Edwards insists that the cancer program should be part of his overall “national health strategy,” competing for funds on an equal basis with other programs.

The Cancer Newsletter has learned that Edwards, with Weinberger’s support, intends to press for a revision that will put NCI back on the same level as other NIH institutes. This would give Edwards veto power over every item in the cancer budget. Edwards has left little doubt that he would exercise that power, on some items at least, if he has the chance. 

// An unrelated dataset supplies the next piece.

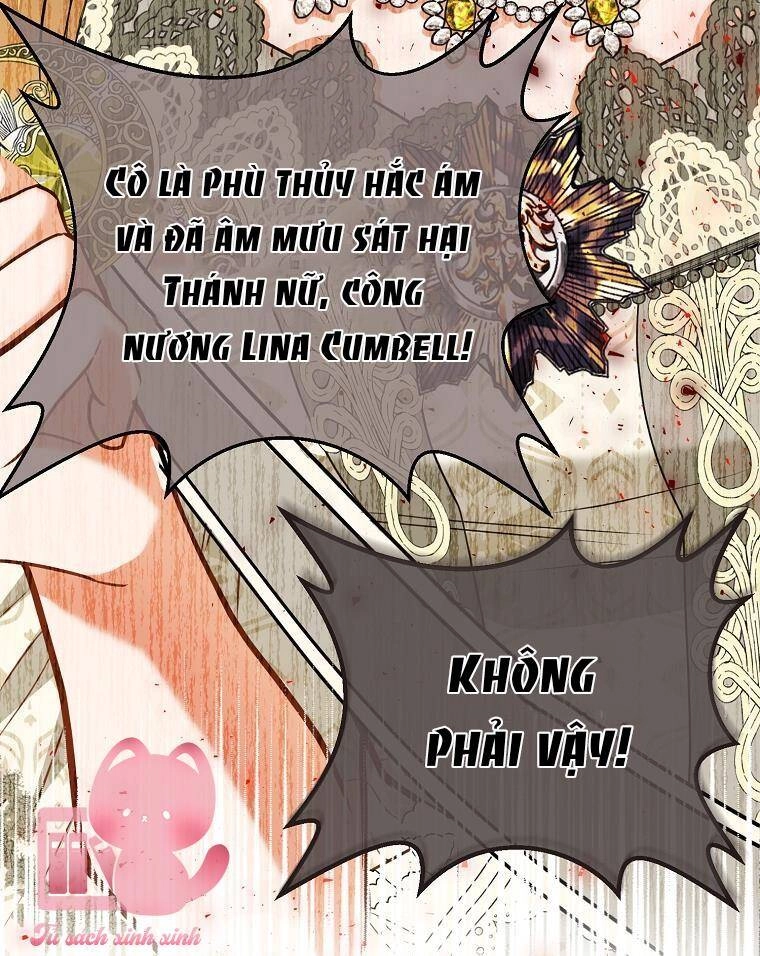 Thánh Nữ Trở Lại Làm Phản Diện Chapter 3 - 116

The provision permitting NCI to bypass NIH and HEW in the budget making process was a compro­mise engineered by Rep. Paul Rogers, chairman of the House Health Subcommittee. The Senate had previ­ously passed a bill that would have taken NCI com­pletely out of NIH and made it virtually an indepen­dent agency responsible only to the President and Congress. Nixon supported that plan, later changing his mind when Rogers prevailed on Congress to go along with his less drastic measure. 

The National Cancer Advisory Board has recommended only minor changes in the act—minor except for new authorized expenditures. The act authorized $400 million in fiscal 1972, $500 million in 1973 and $600 million in 1974. (Actual appropriations were considerably less—$378 million the first year, $432 million the second and no more than $551 million the third.) 

NCAB’s recommendations would permit spending $750 million in fiscal 1975, $830 million in 1976 and $985 million in 1977. “We wanted to avoid the $1 billion barrier for psychological reasons,” said Sol Spieg­elman, NCAB member who headed the subcommittee that made up the recommendations. Spiegelman is director of Columbia’s Institute of Cancer Research. 

Other proposed changes included increasing auth­orization for cancer control programs ($40 million authorized in 1974 to $50 million in fiscal 1975, $65 million in 1976 and $85 million in 1977). Another would remove the limit of 15 placed on the number of new research and demonstration centers, permit­ting the director to approve more than 15 if he sees fit . 

Rep. Jack Brinkley (D.-Ga.) has introduced a bill (H.R. 10746) that would go much farther than the original Senate measure. It would: establish an inde­pendent agency, the “National Cancer Research Ad­ministration”; impose a “cancer eradication tax sur­charge” on individual and corporate income for five years; devote income derived therefrom, an estimated total of $15 billion to cancer research. 

This bill has practically no chance, probably will not even be called up for consideration by Rogers’ subcommittee.